So if a spiritual belief were to be completely true, no credit should be lent to the method that found out this spiritual truth? Sorry if I misunderstood. 

Yes, I doubt what you have labelled credulous, as I still believe in everything that I did before I joined this site. 

How many illogical thinkers have you got to think logically? Your goal to logically enlighten people seems illogical since very few take your words into consideration. 

You are twisting things around and putting words in my mouth. I never said I dont need self-assessment, I just dont need it in the way you think I need it. I am very aware of my actions and how I interact and influence people in the real world. It is a part of spirituality to evaluate yourself to see where you need improvements. Gotta know myself to know god.


----------



## mindphuk (Sep 5, 2012)

Right, you got it all down. I know nothing, you are clued into the true reality. You don't misunderstand me, I twist things around. You are infallible, I'm clueless about spirituality. 

I guess I was wrong, you haven't changed one iota. You fail to address any actual content of my post and cherry-picked the things you disagree with, merely to point out how wrong I am.


----------



## Samwell Seed Well (Sep 5, 2012)

mindphuk said:


> Right, you got it all down. I know nothing, you are clued into the true reality. You don't misunderstand me, I twist things around. You are infallible, I'm clueless about spirituality.  I guess I was wrong, you haven't changed one iota. You fail to address any actual content of my post and cherry-picked the things you disagree with, merely to point out how wrong I am.


 its been done[video=youtube_share;8rwPovyR9HY]http://youtu.be/8rwPovyR9HY[/video] cant argue with someone who's life is subject to change only through experience and perception


----------



## Chief Walkin Eagle (Sep 5, 2012)

mindphuk said:


> Right, you got it all down. I know nothing, you are clued into the true reality. You don't misunderstand me, I twist things around. You are infallible, I'm clueless about spirituality.
> 
> I guess I was wrong, you haven't changed one iota. You fail to address any actual content of my post and cherry-picked the things you disagree with, merely to point out how wrong I am.

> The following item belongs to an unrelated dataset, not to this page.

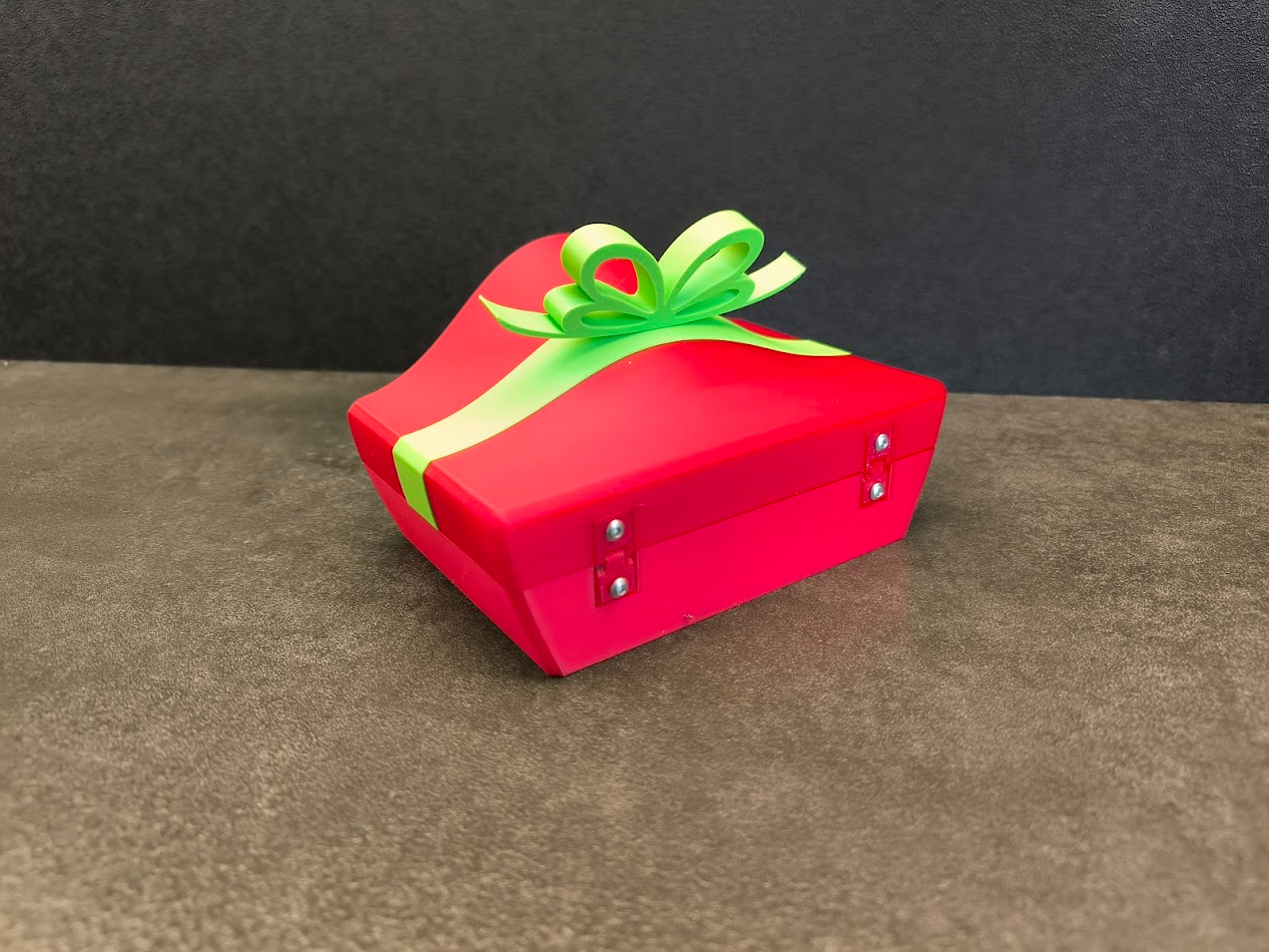 Mimic Gift Box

No, I acknowledged everything you said, as they have been said many times over. I just wanted to take the topic into a new direction instead of discussing the same old same old. I genuinely wanted to know your side of the things I brought up. It seems I have to agree with the judgements you placed upon me though in order for you to respect anything I say... I am so arrogant...


----------



## tyler.durden (Sep 5, 2012)

Chief Walkin Eagle said:


> *I dont think I need the self examination*. I know who I am, I've experienced a lot in my 21 years...





Chief Walkin Eagle said:


> I never said I dont need self-assessment, I just dont need it in the way you think I need it...


Forget and move the goalposts much? Ah, you're 21! I get it now, I was a similar arrogant ass when I was that age: knew nothing but thought I knew everything, and everyone but me could see it. If your experience is anything like mine was, your life will fall apart at some point soon and your immature beliefs along with it. Afterward, I hope you start building from a solid foundation of reason, logic and may as well throw in a dash of humility...


----------



## Heisenberg (Sep 5, 2012)

Chief Walkin Eagle said:


> And I'm skeptical on sciences ability to discover reality. I think DMT is a better tool than science to discover reality, imo. Which supposedly is illogical, I know.


You are not skeptical, you are doubtful. Skepticism is structured doubt, systematic. There is no system to your doubt, it operates on bias. Skeptisism seeks to identify bias. What you have is unreasonable distrust.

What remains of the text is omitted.